Within the listing below, please copy exactly the lines between the line holding "Tested as 18ct" and the line holding "Designer Dyeable Viscose", inclusive.

• Information shown

——————————

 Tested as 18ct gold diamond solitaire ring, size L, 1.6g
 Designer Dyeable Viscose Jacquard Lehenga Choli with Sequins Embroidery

——————————

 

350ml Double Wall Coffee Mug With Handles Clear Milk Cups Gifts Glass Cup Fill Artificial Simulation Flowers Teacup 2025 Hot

——————————

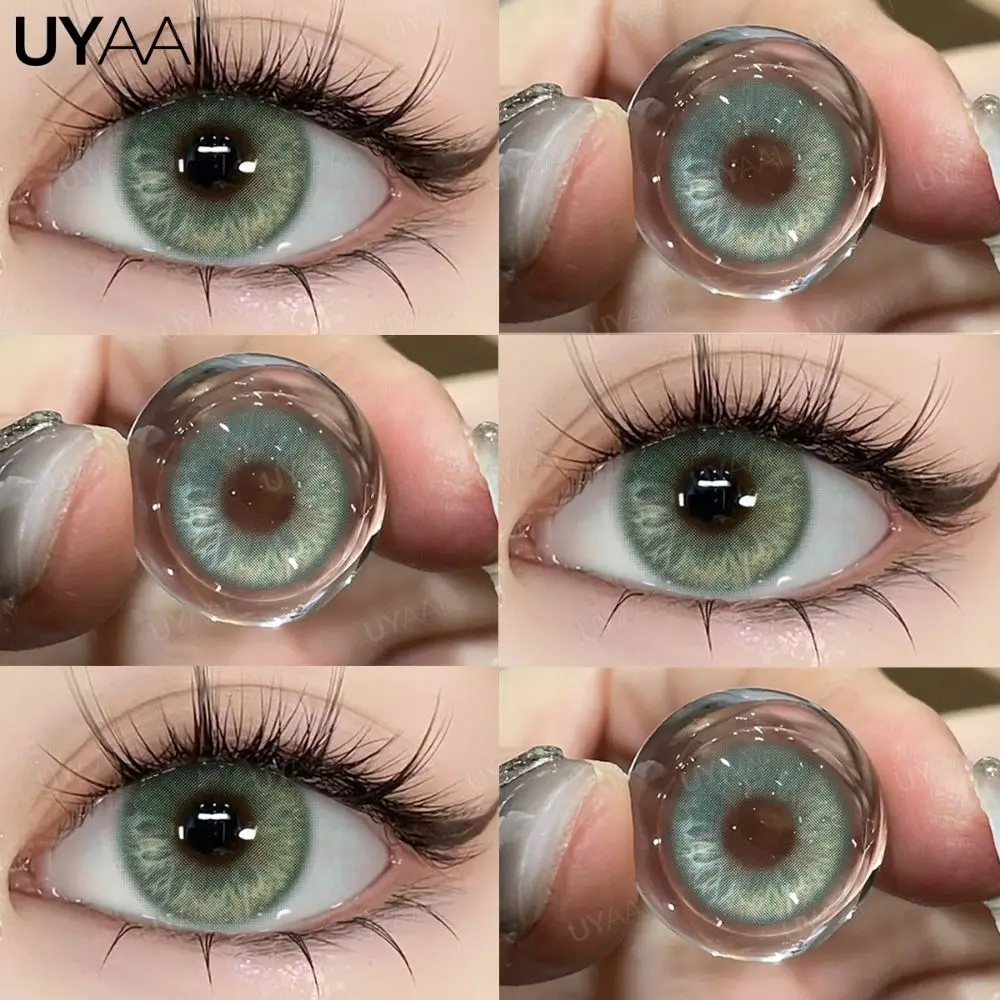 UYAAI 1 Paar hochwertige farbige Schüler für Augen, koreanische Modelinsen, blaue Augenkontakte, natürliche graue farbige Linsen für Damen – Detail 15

——————————

• Task answer
 Tested as 18ct gold diamond solitaire ring, size L, 1.6g
 Designer Dyeable Viscose Jacquard Lehenga Choli with Sequins Embroidery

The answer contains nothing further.